Q. My husband and I decided that this was the year that we get our finances in order. We wrote out our budget and for 4 months have been fighting over money. It also feels like the only word I ever say to the kids when they ask for something is “no.” What are we doing wrong?
A. Changing past habits and learning new skills takes time and patience. Very few people are able to balance their budget and maintain peace in the family on their first attempt, so don’t give up. Family budgets work best when everyone is onside and understands the purpose and intent of having a spending plan; which is what a budget really is, a fundamental lifestyle pillar.
Gradually ease in to a family budget
Consider how a person who wants to get fit and eventually run a marathon would plan for this. They may get a check up first, start off by walking and gradually increase their level of activity. Before they know it, they are able to run 10K and enjoy it. Now imagine trying to impose a marathon race on every member of your household. They may run, but it will probably be to get away from you.
How to get on the same page with your spouse
I encourage you to sit down with your husband when you have some quiet time and start fresh. Avoid the blame game, it doesn’t solve anything. Here are some questions to get you going in the right direction:
- What does money mean to each of you?
- What are your financial goals (short, medium and long term)?
- How does each of you see managing your money going forward?
If you really want this to work, each of you will have to compromise here and there. Revisit your expenses over the past 2 months to make sure you haven’t forgotten anything. Don’t forget to list your seasonal expenses, like insurance and car maintenance, and set aside funds for these expenses in a separate savings account. With this information on hand you can refine your budget and develop a spending plan that works.

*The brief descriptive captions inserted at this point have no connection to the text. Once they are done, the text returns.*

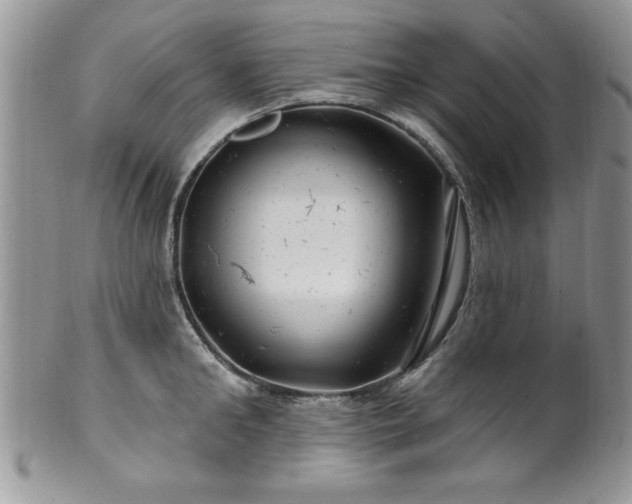 X0000100390902200806130949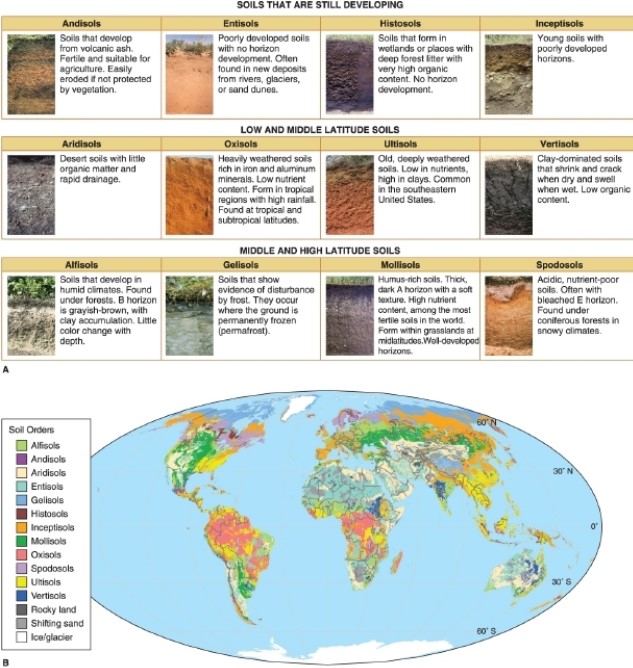 <strong> According to the figure, soils that form in coniferous forests with cold climates are called __________.</strong> A)entisols B)gelisols C)oxisols D)spodosols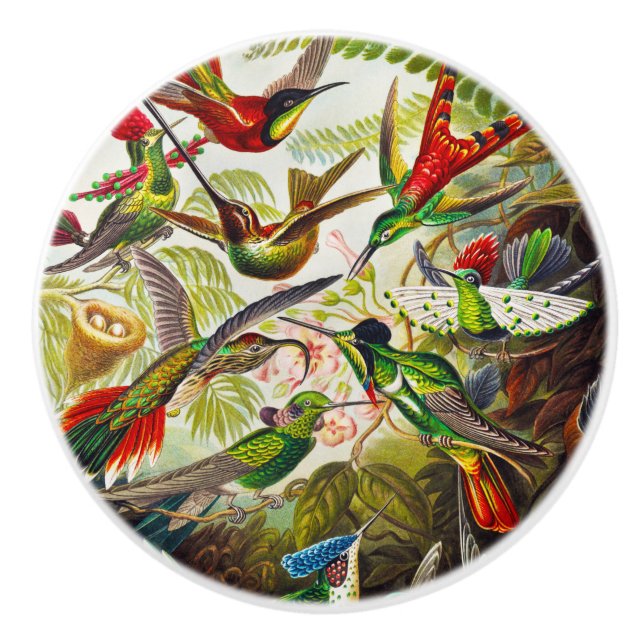 Vintage Hummingbird av Ernst Haeckel Knopp (Framsidan)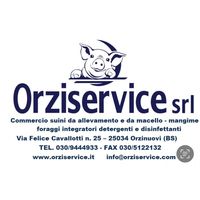 orziservice.srl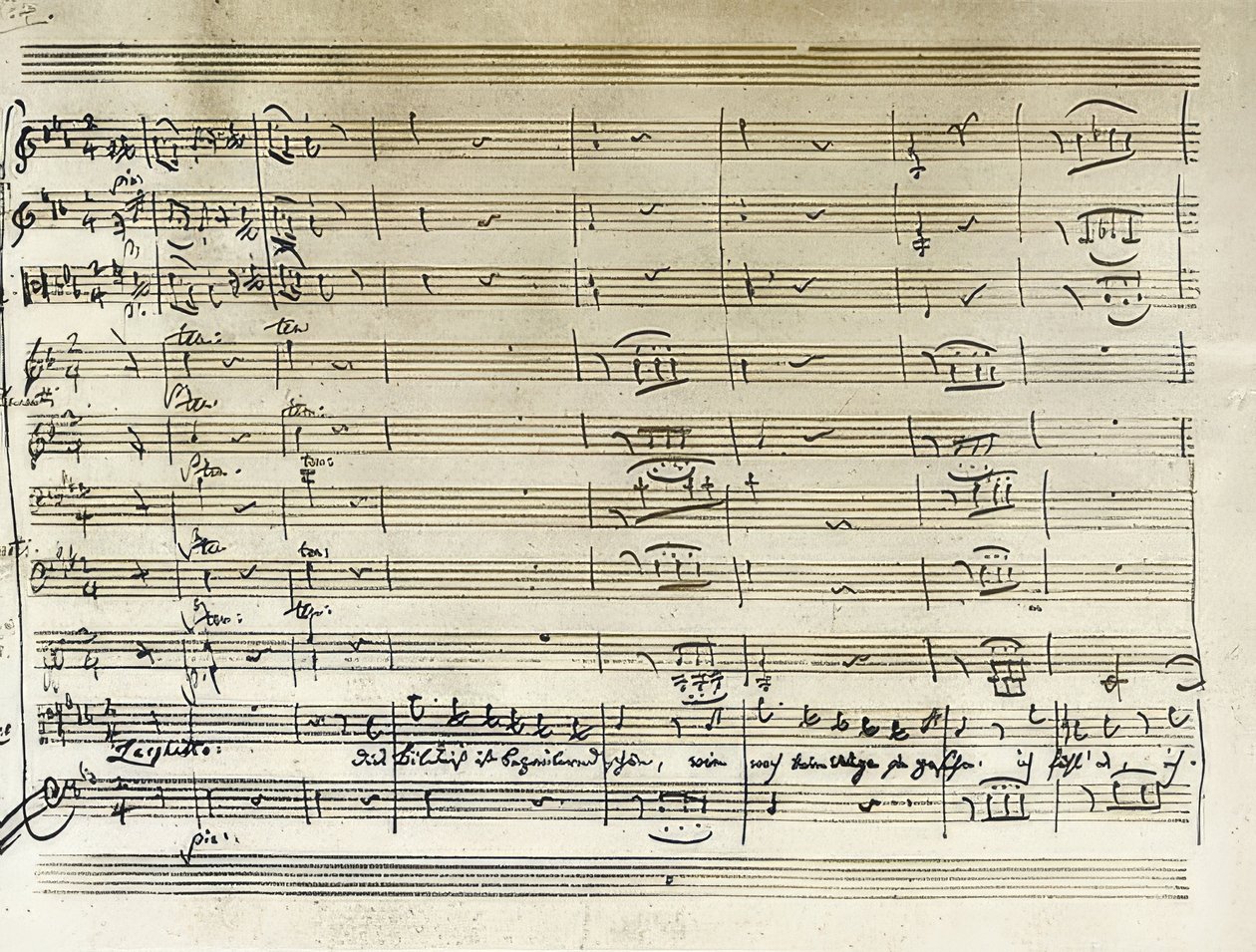 Håndskrevet skrift af begyndelsen af ​​Taminos portrætarie fra Tryllefløjten. Transskription af noter. 1791 af Wolfgang Amadeus Mozart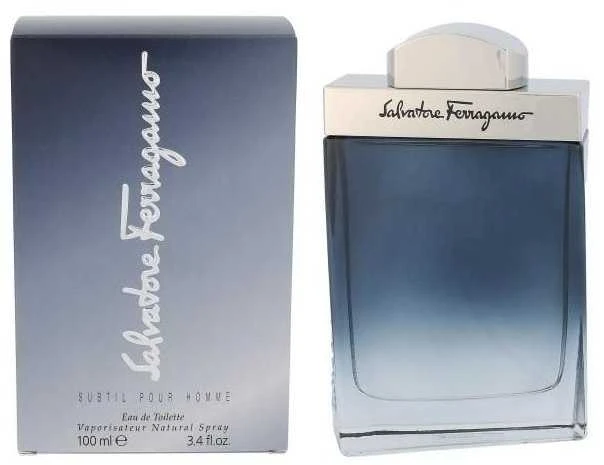 Salvatore Ferragamo Subtil Pour Homme EDT tualetinis vanduo vyrams, 100 ml
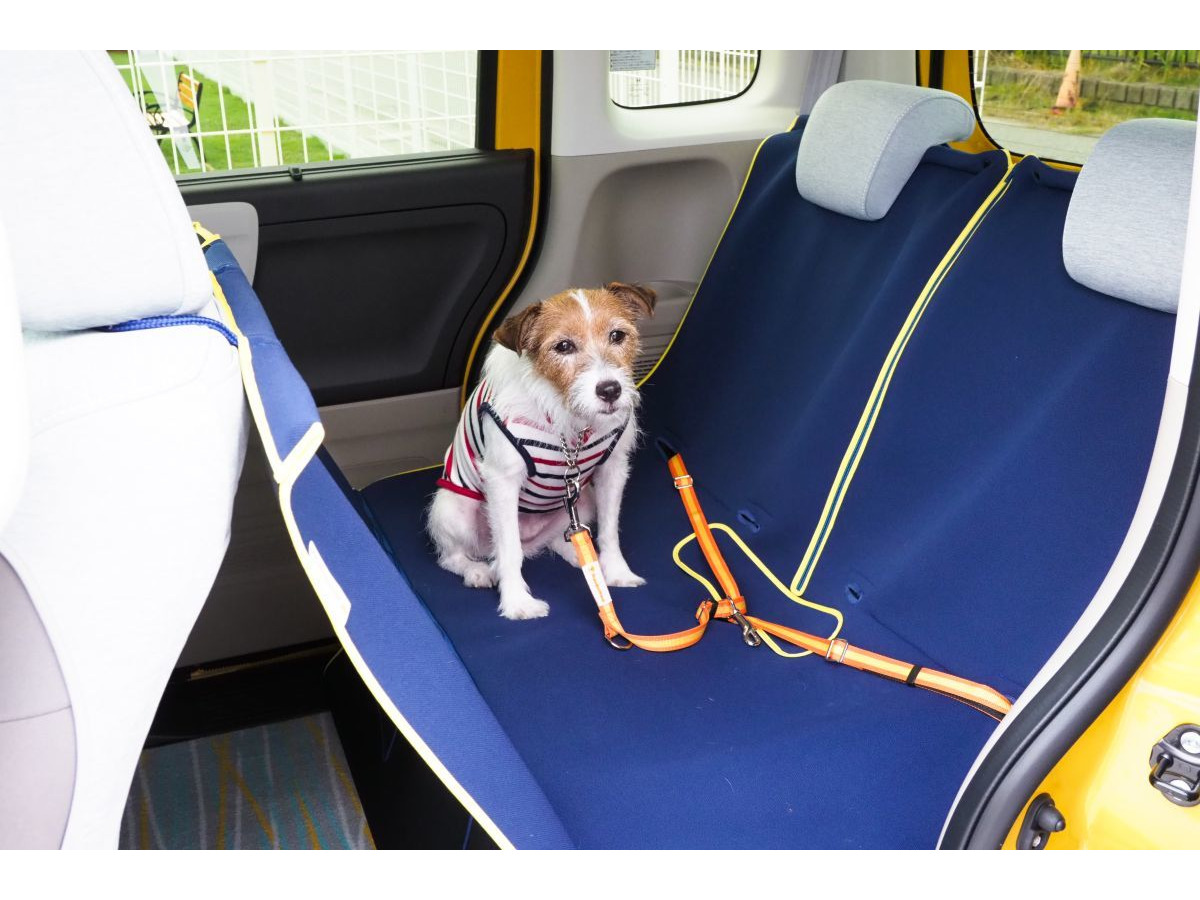 青山尚暉のわんダフルカーライフ 道路交通法違反にならないために 正しい愛犬の乗せ方 レスポンス Response Jp 青山尚暉のわんダフルカーライフ 道路交通法違反にならないために 正しい愛犬の乗せ方 レスポンス Response Jp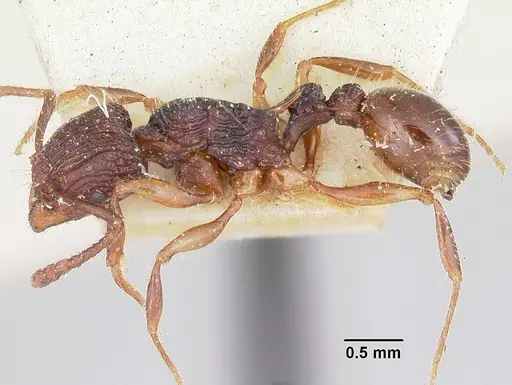 Tetramorium andrei specimen CASENT0101279 image casent0101279_3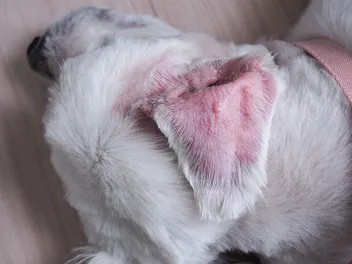 Dog Ear Hematoma: Causes, Signs & Treatments (Vet Answer)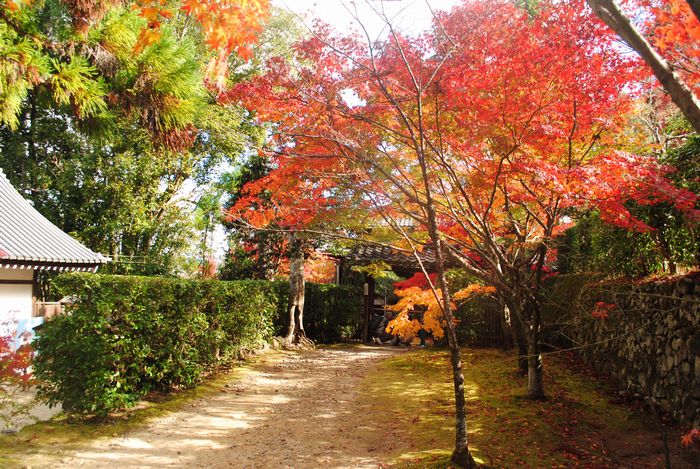 酬恩庵 一休寺 紅葉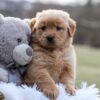 Image of Esme, a Golden Retriever puppy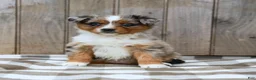 Australian Shepherd dogs for sale: Ranae - Ad 3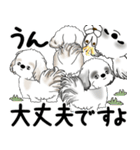 シーズー犬たち 2025 「シーズーまみれ」（個別スタンプ：8）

Make sure your family understands the budget
Depending upon the age of your children and your comfort level, have a family discussion with your kids and talk about the changes you are making and why. It’s important to set some funds aside each month for family events as well as discretionary spending. This will help your kids understand and learn to make spending choices instead of always leaving the decisions in your hands.
Work as a team with your husband and accept the fact that learning to manage your money well is a journey, not a race. Happy trails!